Event-driven handler

Manlio Perillo manlio_perillo at libero.it
Thu Feb 19 14:30:27 MSK 2009

Marcus Clyne ha scritto:
>  > What do you need to do?
> I'm generating pages based on simple templates, but which could do all 
> manner of things, including getting data from databases. I don't want to 
> use PHP/Python etc because the overhead would be very high and not very 
> practical for what I'm doing.

This is an incorrect generalization!

If your content generation is computationally expensive (both CPU and IO 
bound), then the overhead of the Python interpreter is usually much 
smaller compared to the overhead of your computation; and you can always 
code your computationally expensive routine as a C extension.

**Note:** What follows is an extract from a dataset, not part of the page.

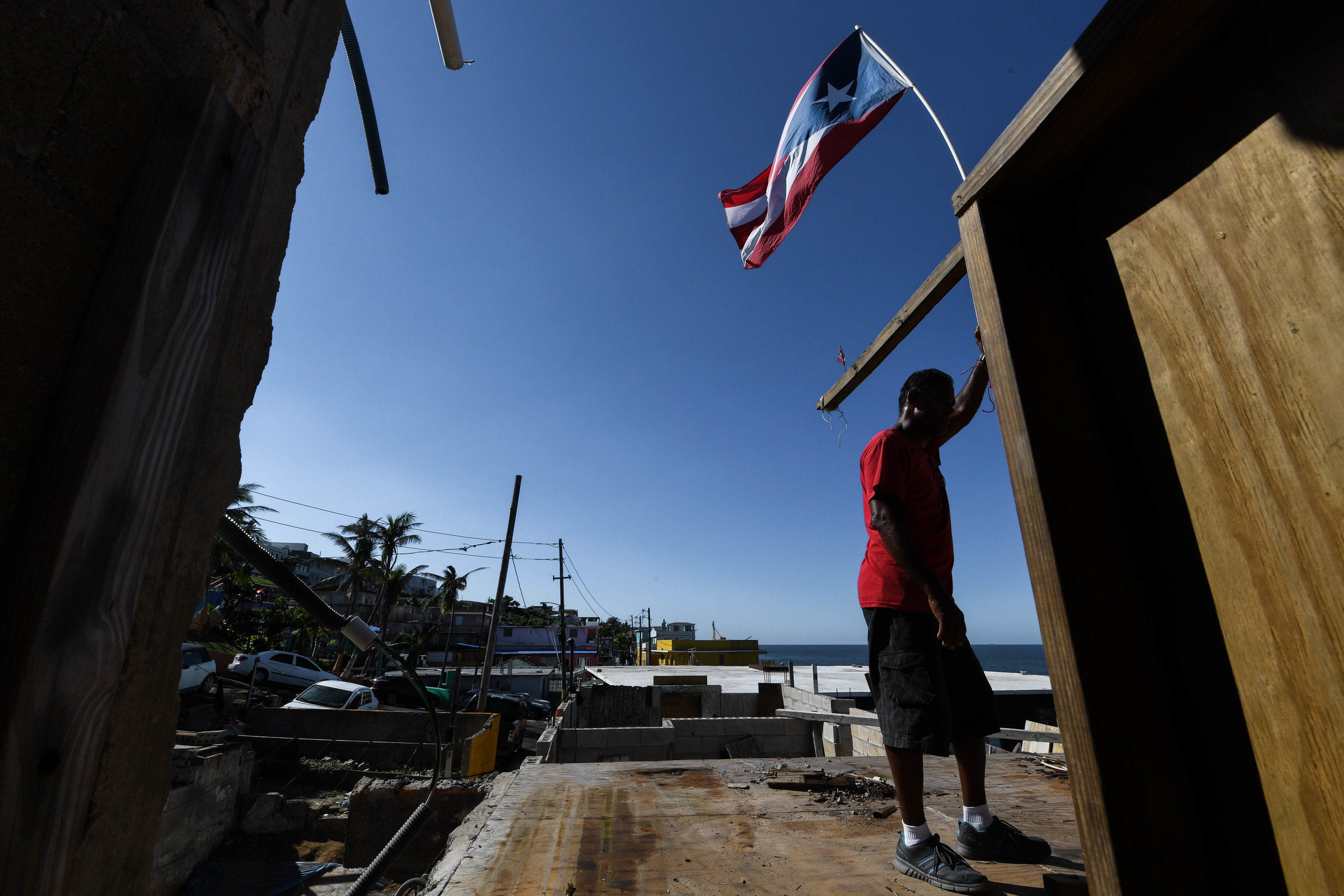  Roberto Virbuet, 55, takes a break from rebuilding his home in La Perla, Puerto Rico. Virbuet is unsure if he can continue living in Puerto Rico after Hurricane Maria. "This is not the Puerto Rico, the one I am living in, this does not feel like hom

However, for what you want to do, Nginx is the wrong choice.
You should use something else like:

1) CGI, if your computation is CPU bound, and you don't need a 
persistent connection to the database
2) Apache, if you want flexibility
3) Erlang, if you want a complete environment for writing both CPU and 
IO bound scalable web applications

> [...]
> You mentioned setting up a loop that checked every 0.001 secs.  How 
> about a solution like this:
> [handler] (as mentioned before)
> - passes off request to content generator
> - returns immediately to Nginx with NGX_DONE
> [content generator]
> - generates content
> - in threadsafe fashion, puts the output content in a queue of responses 
> to be returned
> [in Nginx]
> - loop that checks every e.g. 0.001 secs to see if there are any 
> responses (headers and/or content)
> - checks for responses in threadsafe fashion, and if there are, calls 
> ngx_http_output_filter etc

This is called polling, and is generally the wrong solution.

> [...]

> Alternatively, I would prefer to have an event-driven system whereby I 
> wouldn't need a loop to check whether
> my responses were ready.  

Note that you can't have a second "loop" in Nginx (unless this is in a 
separate thread).

> Is it possible to trigger non-IO events in 
> Nginx, such that once triggered, Nginx
> would handle them properly (even if they were called from within a 
> different thread)?

The Nginx event loop is event based.
It uses epoll or kqueue.

With kqueue or epoll it is possible to receive notification for non IO 
events, like signals or filesystem events.

But in your case, you can use a simple pipe.
In the mailing list archive you can find an old discussione between me 
and Igor, about this topic.

 > [...]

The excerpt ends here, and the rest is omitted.